[Stored data entries]
-=-=-=-=-
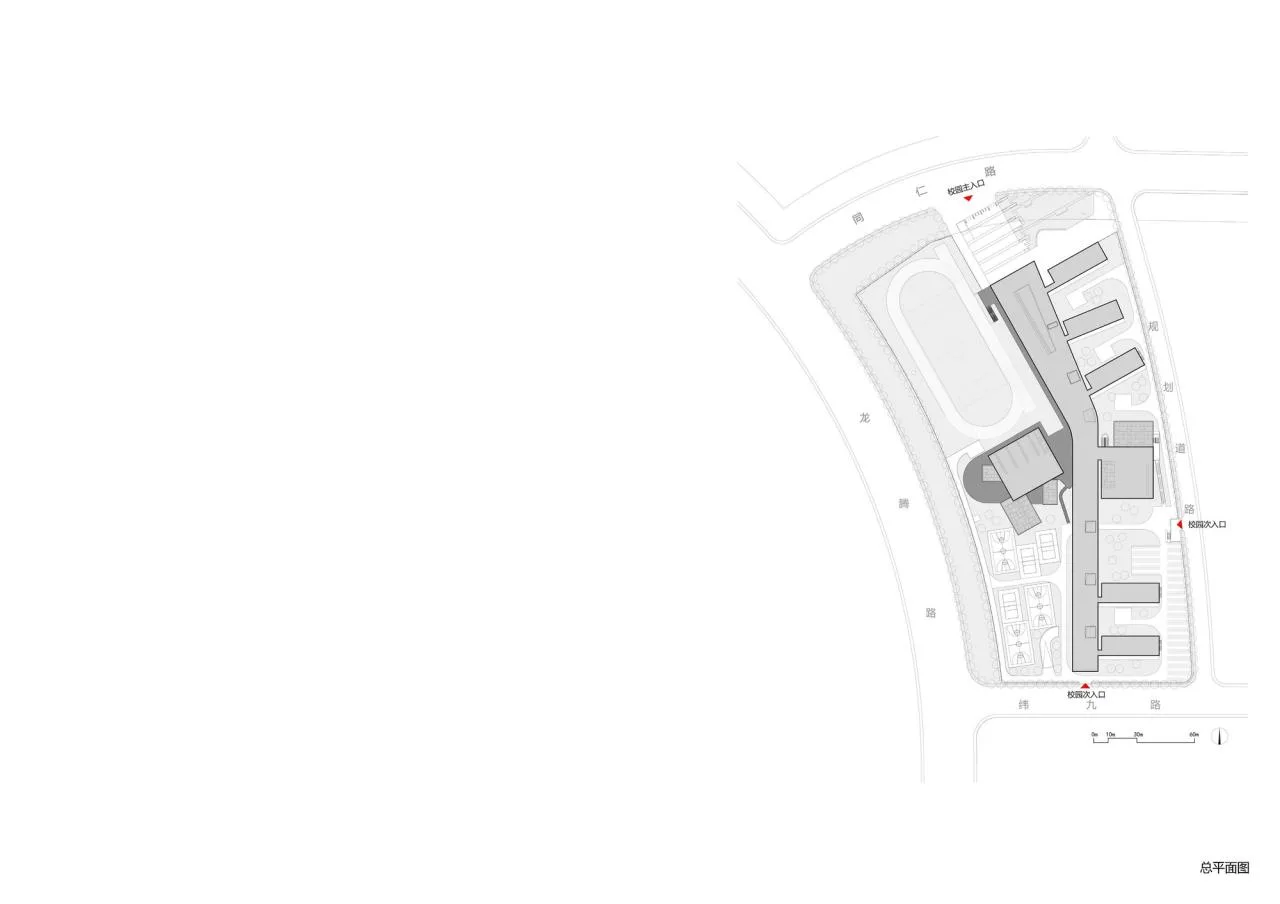 BIM Architecture | Nantong Nengda Middle School/Jiucheng Urban Architecture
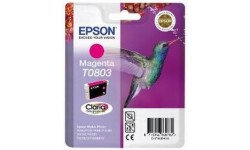 Epson T0803 rød Original Patron
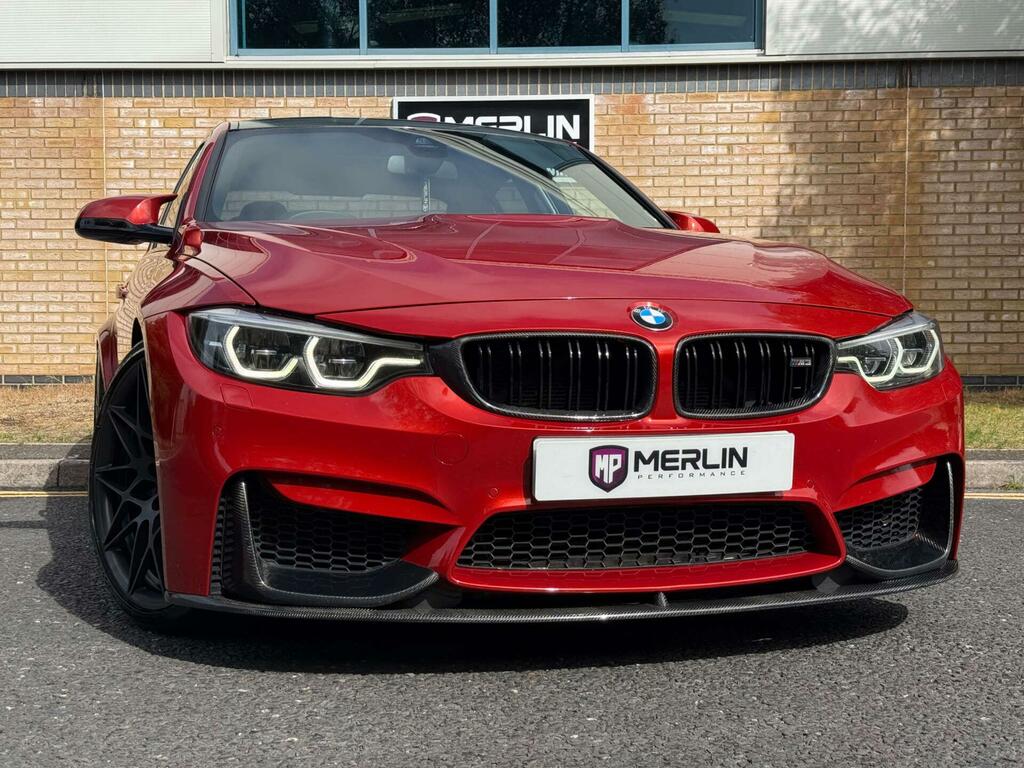 BMW M3 Competition Orange #6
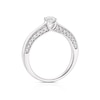 Thumbnail Image 3 of The Forever Diamond 9ct White Gold 0.50ct Diamond Solitaire Ring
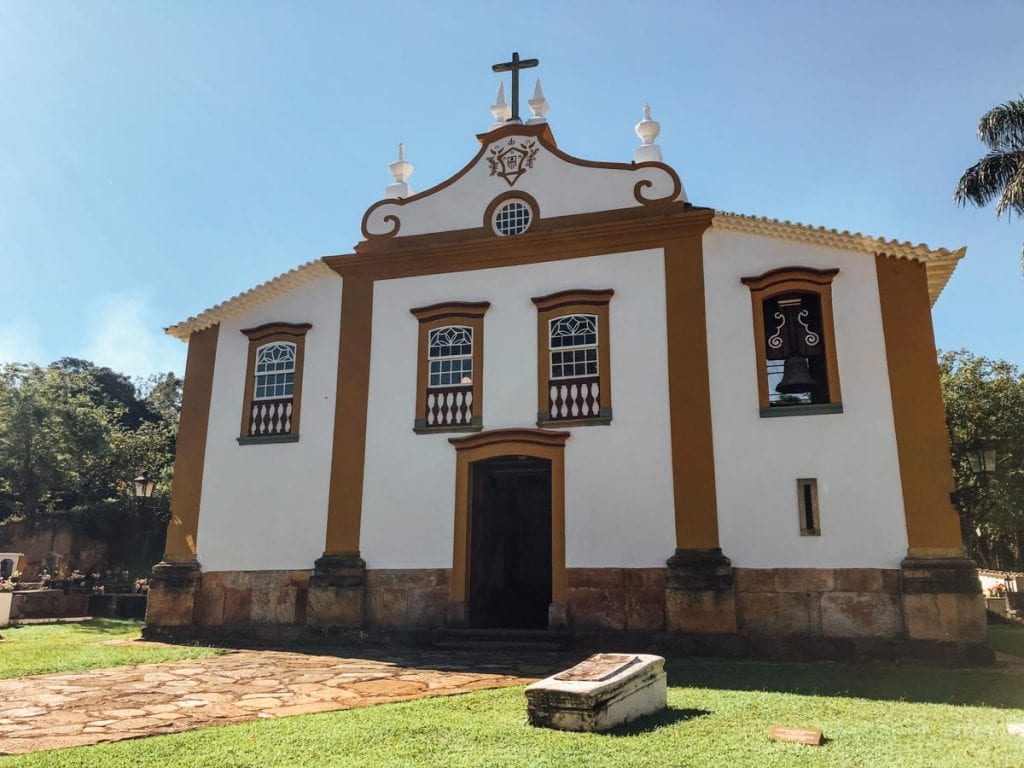 Igreja Nossa Senhora das Mercês, Tiradentes
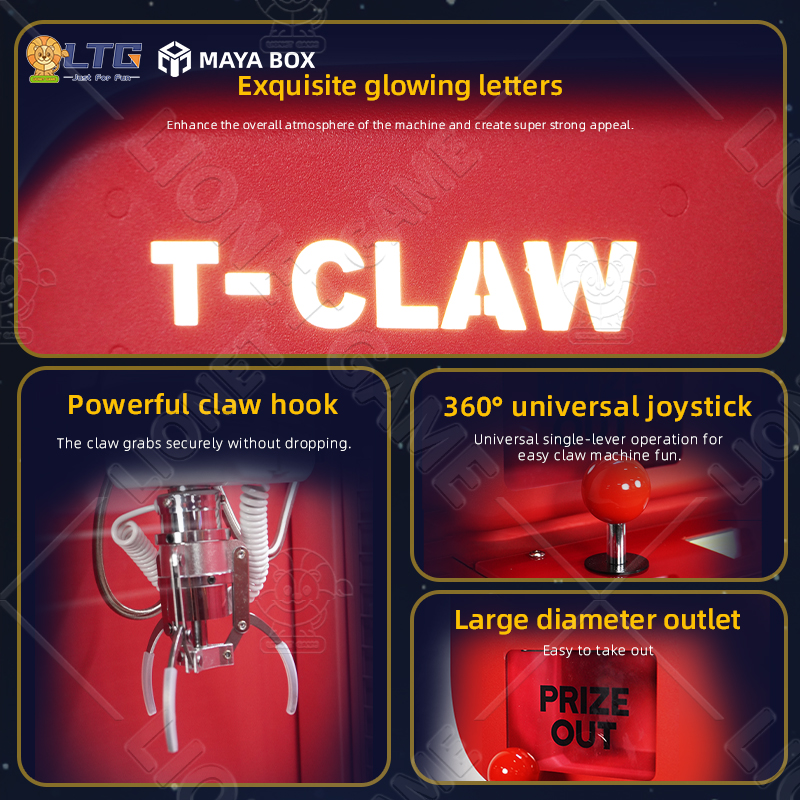 LTG New Design Mini T Claw Mac - مراجعة Kids Toys Mall وسعره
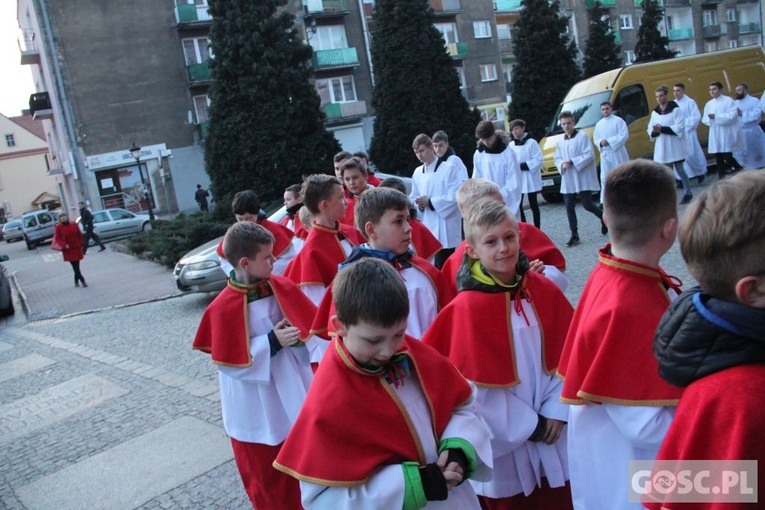 Peregrynacja obrazu św. Józefa w Szprotawie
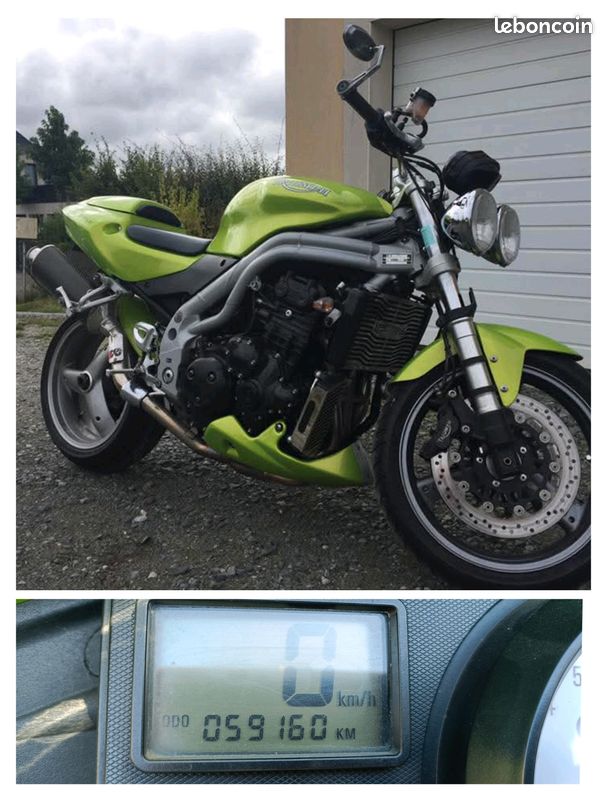 TRIUMPH SPEED TRIPLE 955 i (image 3)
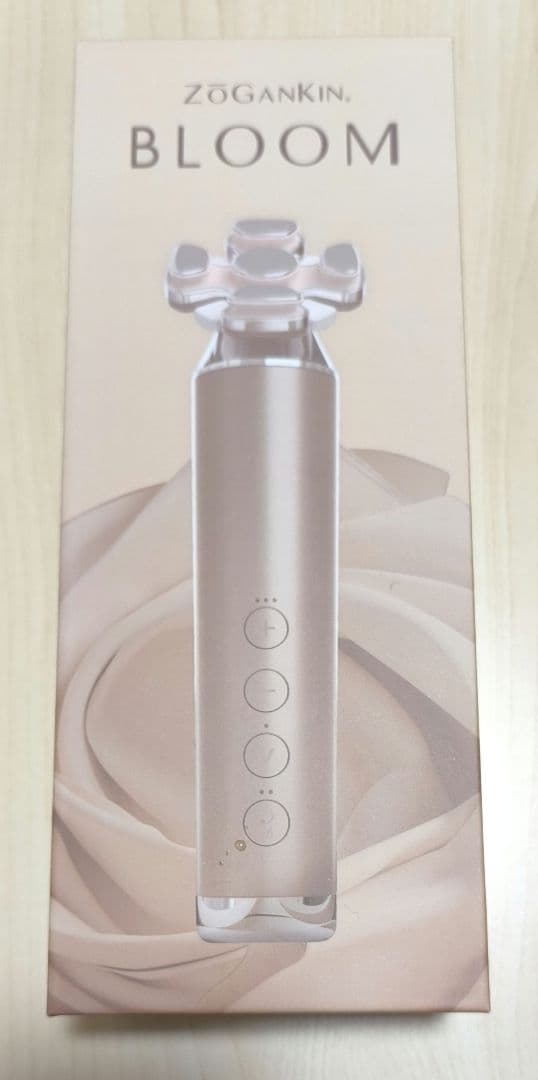 【新品・未使用】ZOGANKIN BLOOM 家庭用EMS機器　美顔器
-=-=-=-=-
Task to complete:
Leaving the pictures aside, copy exactly and only the lines from the one holding "Epson T0803 rød Original Patron" through the final line of the data, both ends kept.

Written solution:
 Epson T0803 rød Original Patron
 BMW M3 Competition Orange #6
 Thumbnail Image 3 of The Forever Diamond 9ct White Gold 0.50ct Diamond Solitaire Ring
 Igreja Nossa Senhora das Mercês, Tiradentes
 LTG New Design Mini T Claw Mac - مراجعة Kids Toys Mall وسعره
 Peregrynacja obrazu św. Józefa w Szprotawie
 TRIUMPH SPEED TRIPLE 955 i (image 3)
 【新品・未使用】ZOGANKIN BLOOM 家庭用EMS機器　美顔器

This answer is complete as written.